For global managers to get a firm grasp of the challenges they face, they must first develop a realistic picture of the new, expanded, and diverse environment in which they operate and how it differs from the relatively homogeneous setting of the domestic manager.
In the best-seller One World, Ready or Not: The Manic Logic of Global Capitalism (Simon & Schuster, 1998), political writer William Greider provides a lucid and vivid description of the crucible in which novice global managers find themselves. It is a world in which managers are required to process, integrate, and make decisions based on huge amounts of disparate information; to negotiate with governments that have very different notions of how business should be done; to interact with a complex web of organizational relationships in multiple and diverse countries; to recruit and develop the best talent from anywhere in the world; and to develop strategic alliances—even with competitors that operate within different models of capitalist systems. Stir all of these ingredients together and one gets a sense of the ambiguity and stress inherent in globally complex work.
Through its research, CCL has identified several dimensions across which the global manager must work simultaneously—even if, like Matthew, the manager spends the majority of his or her career behind a desk at the home office.
Global Versus Local: Comparing the Requisites
In an effort to learn whether managers with global responsibilities and those with purely domestic responsibilities need different types of knowledge and capabilities to be effective, CCL conducted a study of 214 managers from thirty-nine countries working in thirty countries around the world. The managers’ companies represented four industries and had corporate headquarters in Sweden, Switzerland, and the United States. Half the managers had local responsibility (they directed operations within the borders of one country), and half had global responsibility (they directed operations in multiple countries and across various cultures).
The managers completed a number of questionnaires comprising nearly 1,000 items, and each manager’s boss completed a questionnaire about the manager’s job effectiveness. CCL researchers then conducted a series of correlational analyses and found that there is one set of capabilities that all managers need to be seen as effective by their bosses whether their work is global or local in scope. These are the essential capabilities—core business knowledge; the ability to cope with pressure; and the ability to manage people, action, and information. More important to the objectives of the research, CCL also identified four pivotal capabilities that are uniquely related to the effectiveness of global managers—international business knowledge, cultural adaptability, perspective taking, and innovation.
Geographic distance.
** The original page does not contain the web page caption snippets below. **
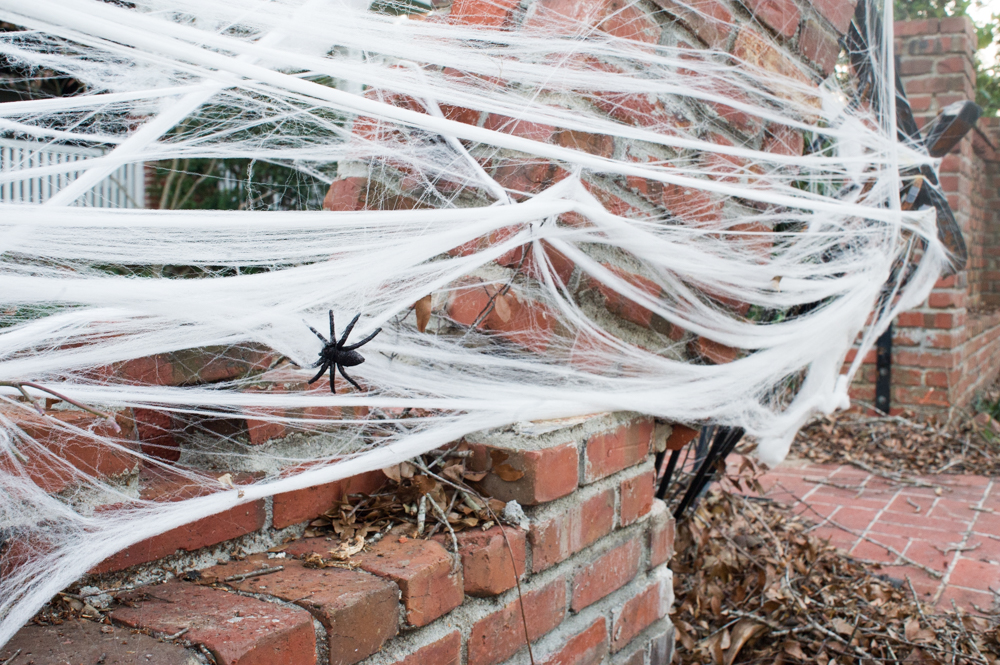 The fall colors of Halloween gave way to spooky, narrow streets as a near-full moon rose above Carolina Place Tuesday night. (Port City Daily photo / Mark Darrough)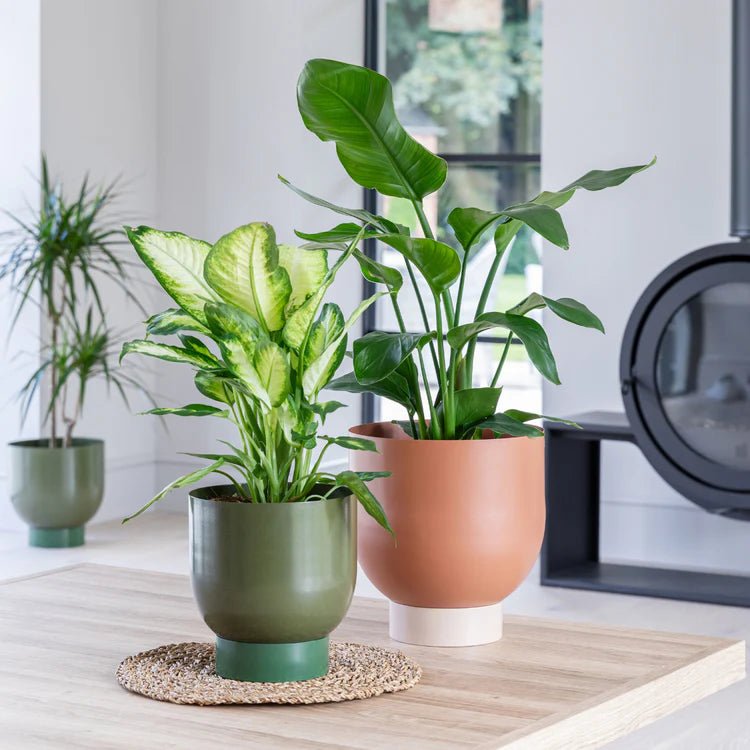 Set of 2 Terracotta Lime Green Metallic Houseplant Pots Luxury Home Decor Garden & Outdoor And Gifts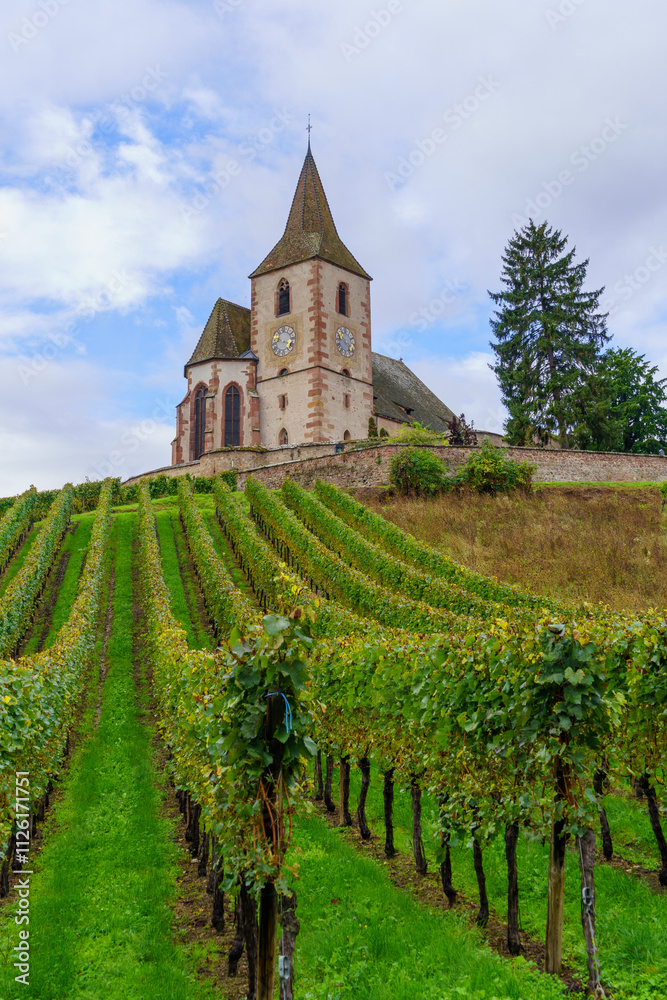Vineyards and the fortified church of Hunawihr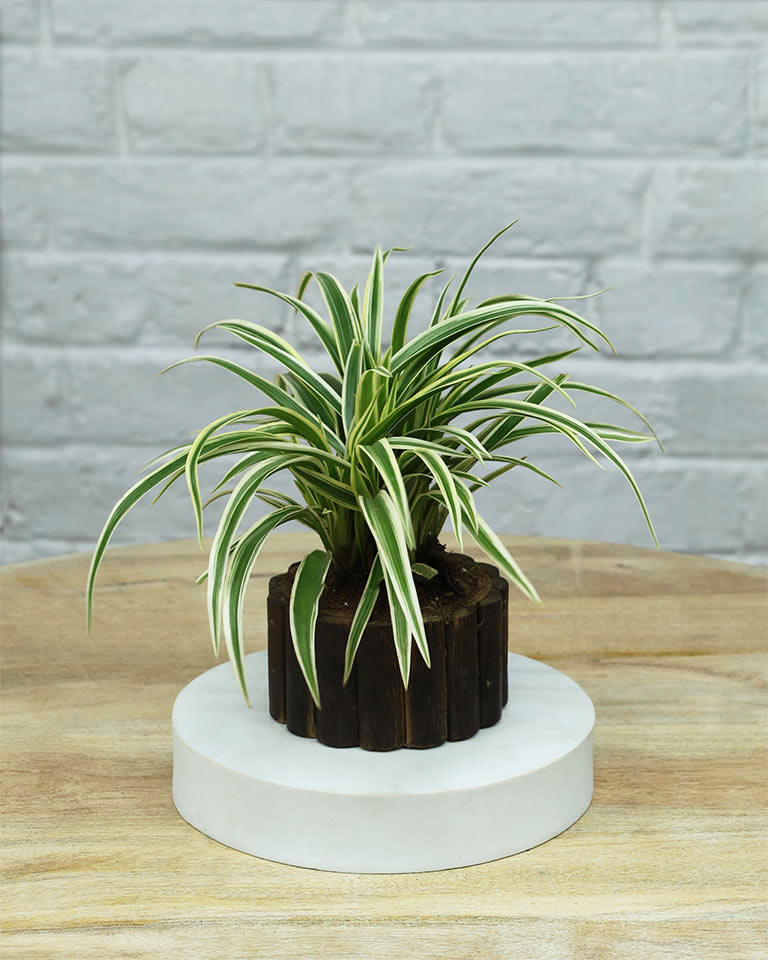 Spider Plant in Wooden Planter – Eco-Friendly Corporate Gift for Clients & Employees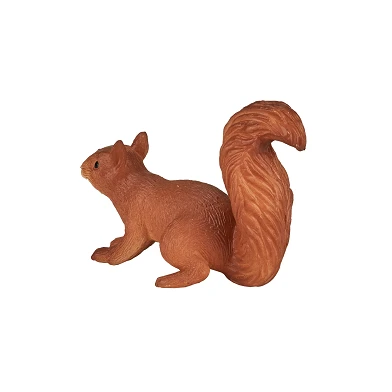 Laufendes Eichhörnchen von Mojo Wildlife - 387032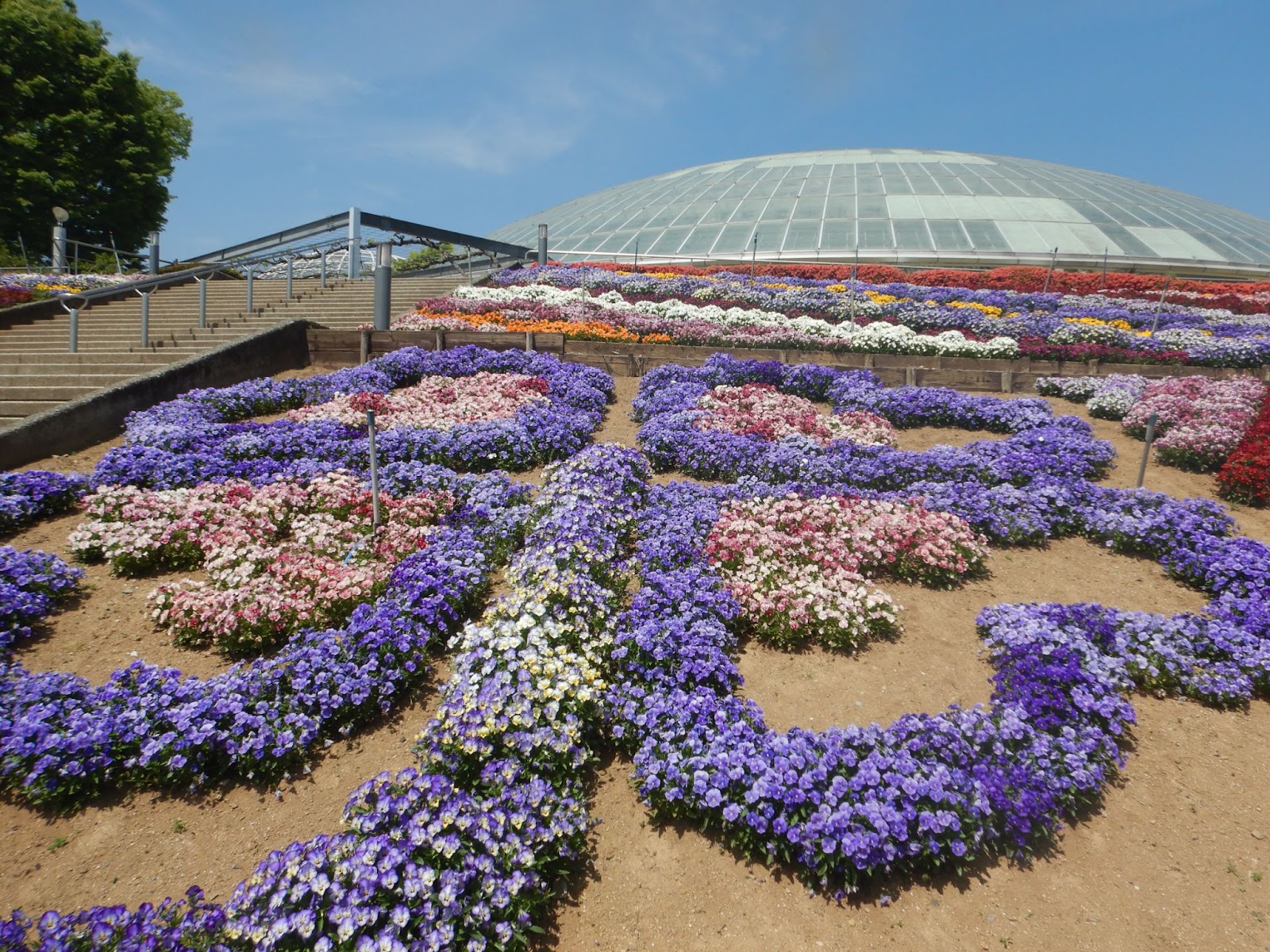 笛吹川フルーツ公園の花壇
Global managers must be able to deal with the inconveniences of time differences and the practical and psychological difficulties of not always being able to see the people with whom they work.
National infrastructures. Global managers must negotiate multiple and sometimes antithetical variations in political and economic systems, regulatory and legal frameworks, and civic and labor practices.
Cultural expectations. Global managers must familiarize themselves and comply with a wide range of sometimes startling expectations in regard to behavior—their own and that of their colleagues, employees, customers, suppliers, and distributors—and the ways in which work should be done.
The complexity faced by global managers grows exponentially with the number of countries, cultures, and time zones in which they work. During teleconferences, for instance, each participant could well be in a different time zone. A global manager at a meeting in Tokyo must be aware not only of Japanese exchange rates, corporate culture, laws, investment policy, and labor unions but also of the infrastructures of each other nation in which his or her company does business. When a global manager gets off a plane or sends an e-mail message, a different set of cultural expectations awaits at the arrival gate or the recipient’s computer monitor. Constantly confronted with such Byzantine situations, it’s no wonder that global managers can often be reduced to conducting reality checks—asking themselves, “Where am I?” or, “Who is that sitting across the table from me?” rather than the most critical question: “What do I need to do to be effective in this context?”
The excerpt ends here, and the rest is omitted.